## EXERCISE DETAILS
Retype each record exactly; no pictures.

::: EXTRACTED MATERIAL

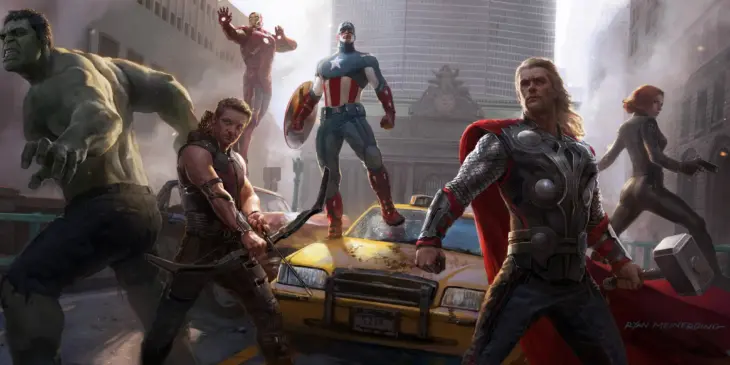 Arte de Ryan Meinerding para Os Vingadores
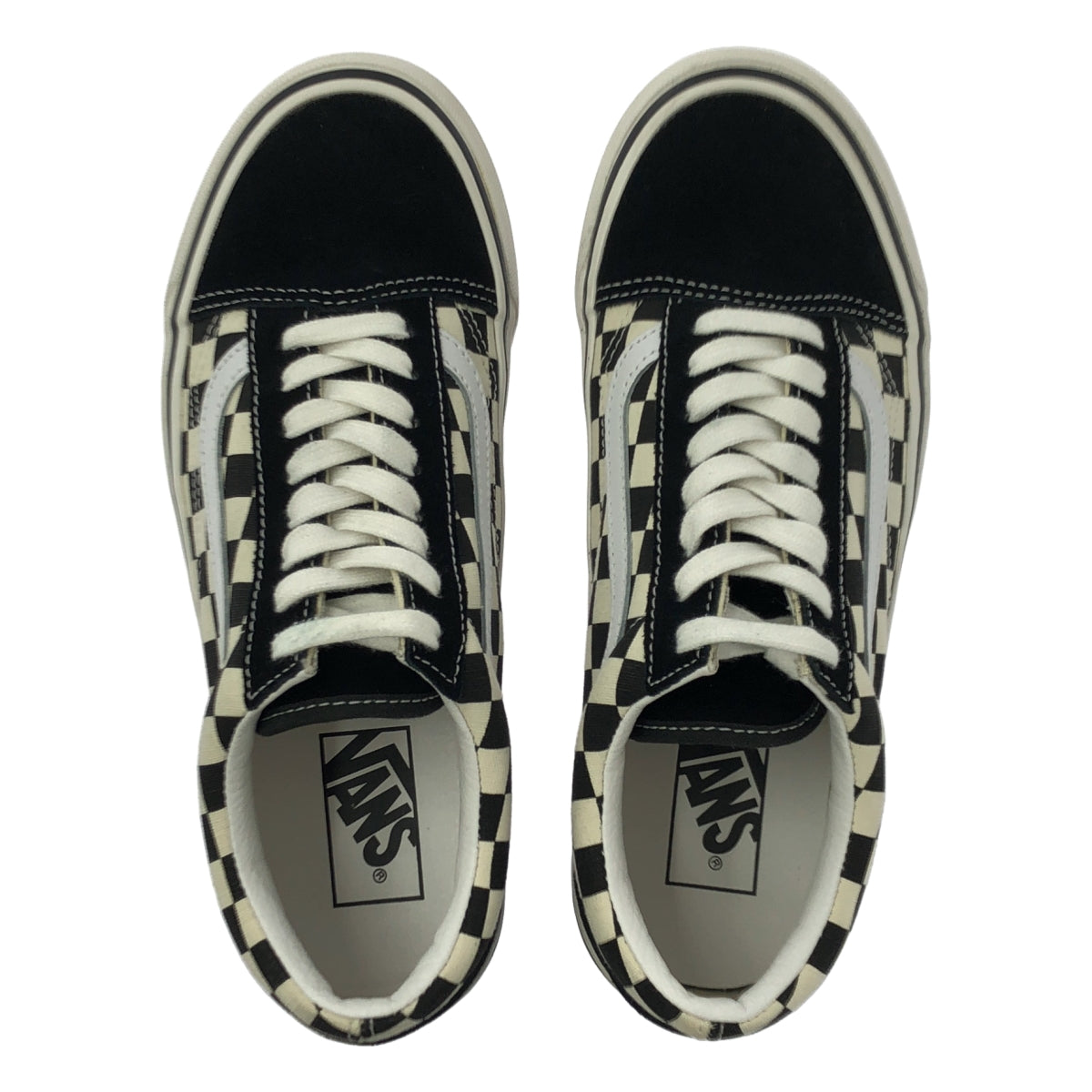 [狀況極佳] VANS Old Skool 36 DX 阿納海姆工廠棋盤格運動鞋 | 尺寸 25 | 黑色/白色 | 女款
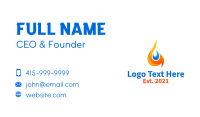 Thermal Fire Element  Business Card Preview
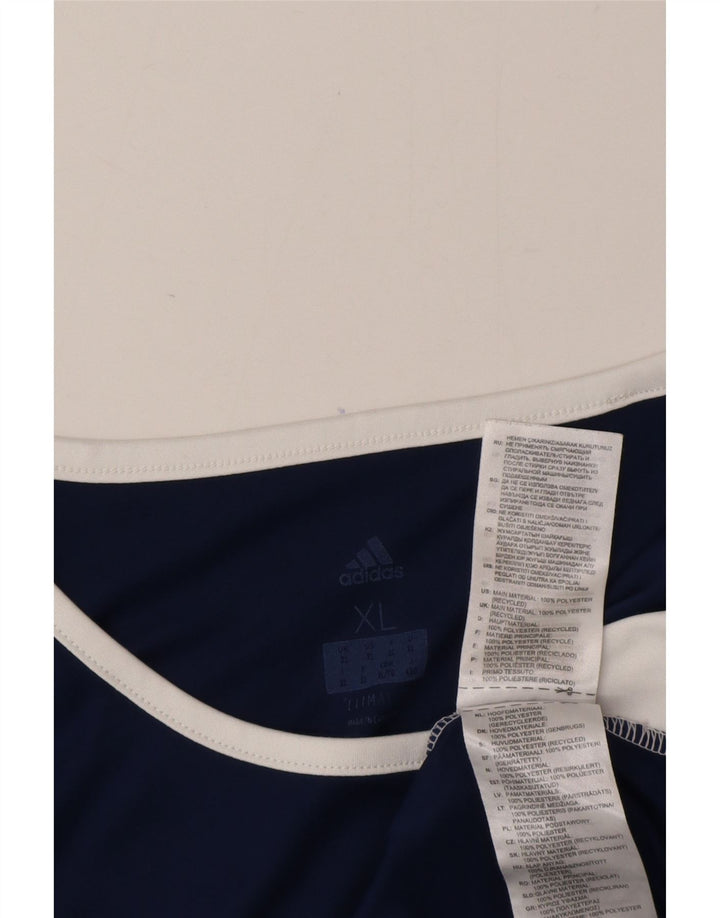 Adidas muška majica Climalite Top XL tamnoplavi poliester u boji
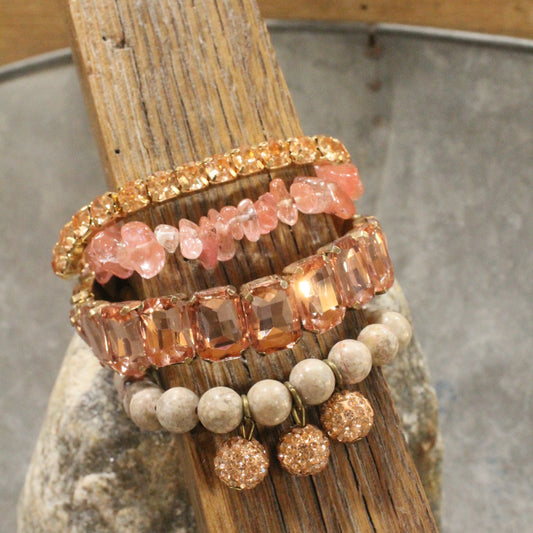 Rich & Golden Blush Bracelet Set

::::::

## RESPONSE TO THIS EXERCISE
 Arte de Ryan Meinerding para Os Vingadores
 [狀況極佳] VANS Old Skool 36 DX 阿納海姆工廠棋盤格運動鞋 | 尺寸 25 | 黑色/白色 | 女款
 Thermal Fire Element  Business Card Preview
 Adidas muška majica Climalite Top XL tamnoplavi poliester u boji
 Rich & Golden Blush Bracelet Set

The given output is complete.